COMMENTARY: GAO pension survey reveals endemic corruption hiding in the hedges
Anybody who ever questioned how many layers of corruption are woven into state and municipal pension systems, should take a look at the latest Government Accountability Office report on "Challenges of Hedge Fund and Private Equity Investing."
"Challenges?" That's a genteel way of putting it. Why not put it in English: Ripping off taxpayers and public workers?
While GAO surveyed private and public pension systems on these alternative "risky investments that seek exceptional returns," the report notes that "Public sector plans, such as those at the state, county and municipal levels, are not subject to funding, vesting, and most other requirements applicable to private sector defined benefit pension plans ...."
Another big difference GAO fails to mention is that private pensioners can lose benefits, while public pensioners cannot. No matter how much politicians, fund managers, brokers, placement agents and other insider pension parasites loot and pillage public plans, taxpayers are on the hook for it.
If politicians can't extort enough from residents and businesses to pay pension benefits, next on the hit list are children, the poor, elderly, ill and helpless.
Then younger public servants will have to pay more, get less or lose their jobs entirely.
And, finally, bondholders might have to actually acknowledge some of the risk they took on when they loaned money to governments without carefully checking the books.
Certainly, state and municipal pension plans are perfect corruption machines at five levels:
- Built in is the "moral hazard" of politicians making promises they know they don't have to keep;
- Then there is their unfettered power to lie and cheat in accounting value;
- That lets them secretly drain pension funds as open-ended credit cards that don't show up on the books;
- The workers politicians betray have the power to keep putting them in office, and best of all;
- Lack of pension transparency lets politicians secretly enrich contributors and cronies.
If residents and businesses paying taxes to support this corruption machine and the public workers victimized by it want some insight into why politicians and pension insiders love alternative investments, take a look at the latest Maryland Department of Legislative Services Office of Policy Analysis Annual Retirement and Pension System's Investment Overview of the State Retirement and Pension System and State Retirement Agency.
"The SRPS incurred $219.6 million in investment management fees in fiscal 2011. As shown in Exhibit 5, management fees for the plan as a whole grew at roughly the same pace as total assets for the first time in several years. ... However, in several asset classes, fees grew at a substantially different pace than assets. For instance, absolute return assets grew by 15.6%, compared with a 73.3% increase in fees."
Then the report says in bold-face type: "DLS recommends that the board and SRA explain the divergent growth rates between assets and fees for the private equity and absolute return asset classes. The board and agency should also brief the committee on their efforts to negotiate lower management fees during this extended period when competition for institutional assets has been high."

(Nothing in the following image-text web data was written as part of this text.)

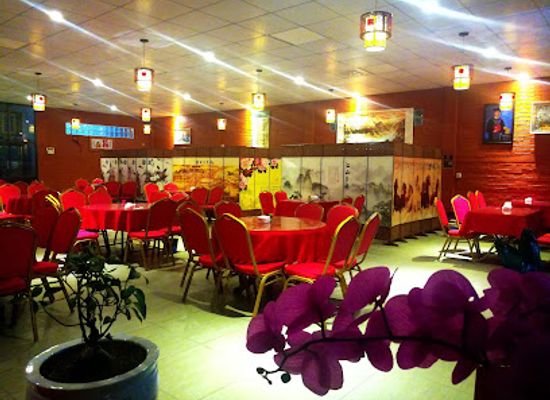 myanmar-burma/delta-region/restaurant/jump-over-restaurant
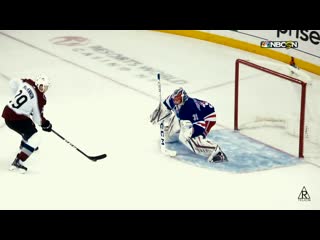 Маккиннон раздевает шестеркина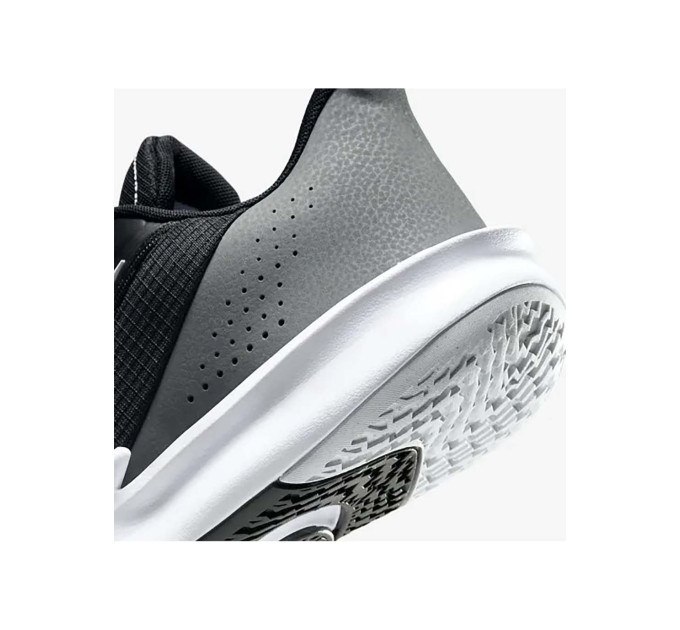 Чоловічі Кросівки Nike PRECISION VII Чорний 42 (7dFN4322-005 42)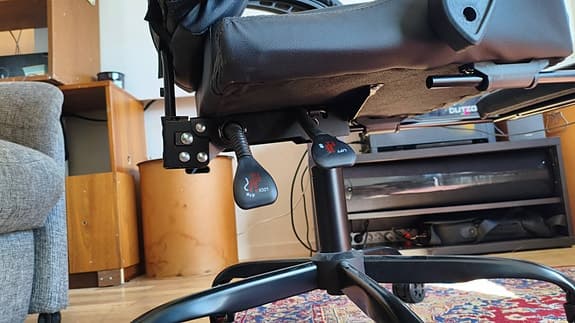 Svart gamingstol med fotstöd och armstöd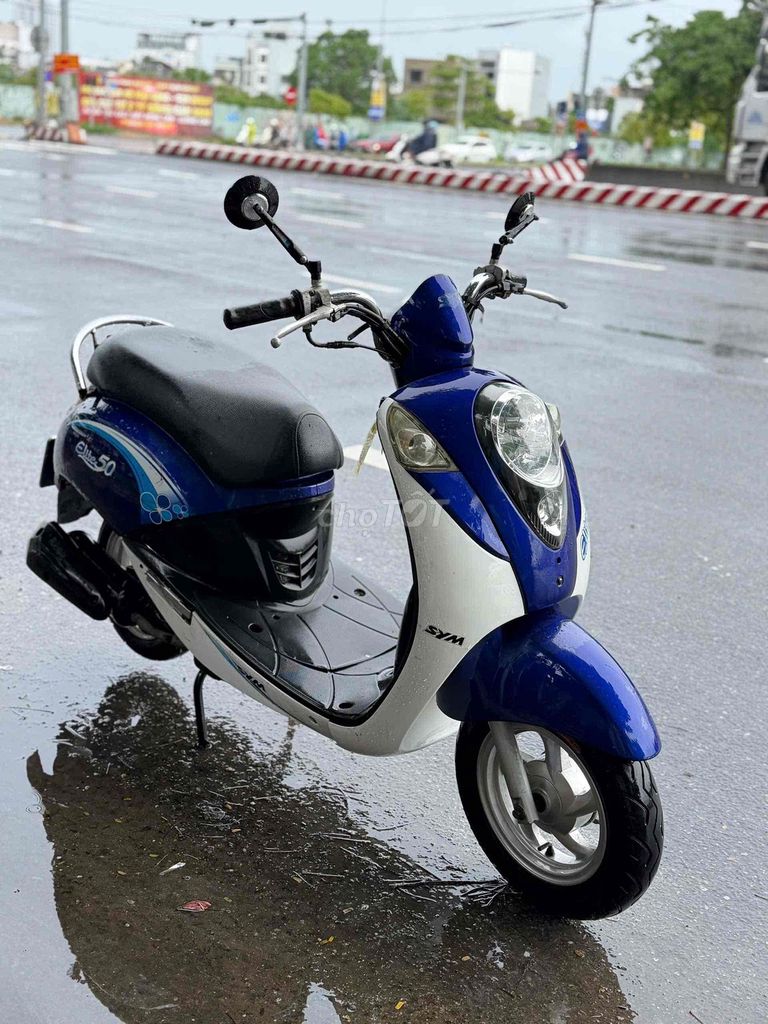 SYM Elite 50cc 2019 сине-белый — рассрочка без первого взноса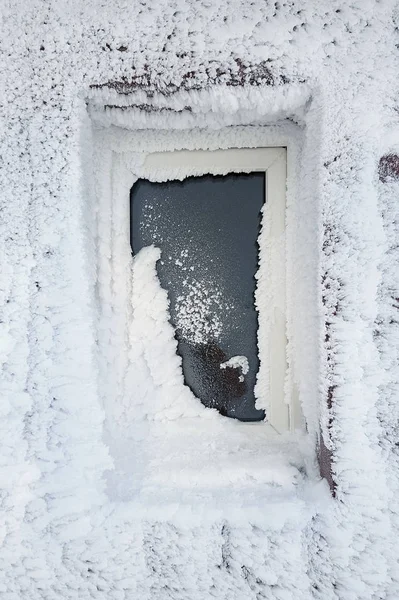 冬のシーンで家の冷凍ウィンドウ — ストック写真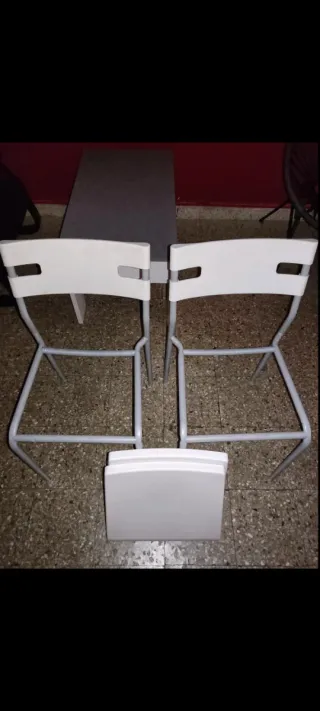 Sillas (2) Metal y Plástico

The best one of all is British company Record Currency Management. From 2010 to 2011, the Currency investments category lost $360 million at a cost of $13.4 million in fees.
"Therefore, DLS recommends that the board and SRA provide a full explanation of the fiscal 2011 losses engendered by the currency overlay program. The explanation should include any steps taken to enhance the manager's agility in responding to sudden changes in currency exchange rates and to minimize the chances of such losses occurring again. It should also address their efforts to clarify reporting of the program's overall effect on the fund's performance."
Even in the supposedly docile Domestic Equity investments, DLS said, "The shift from passive to active management of domestic equity assets is the primary factor behind the increase in fees paid to domestic equity managers. Unfortunately, the increase in fees in this asset class has not generated improved performance. ..."
"DLS recommends that the board and SRA explain the reasons for the underperformance of its passive domestic equity manager."
Explain? How about clawing our money back?
Overall, since 2007 Maryland pension funds dropped more than $3.7 billion, leaving them $18 billion below where they promised to be by 2011. At the same time, pension obligations increased more than $5 billion. That is a death spiral.
To one degree or another The People's Democratic Republic of Maryland represents what is happening in state and municipal defined benefit pension plans all over our nation.
The big question is: Who got these deals and how?
Even as politicians and managers run up a hidden and growing $4 trillion debt future taxpayers and public workers must pay, an elite clique of insiders is making billions of dollars off the doomed system playing high roller with other peoples' money.
It is endemically corrupt. It cannot be reformed. The only solution is to freeze all plans now and shift to defined contribution systems that put workers in control of how their money and taxpayer contributions are invested.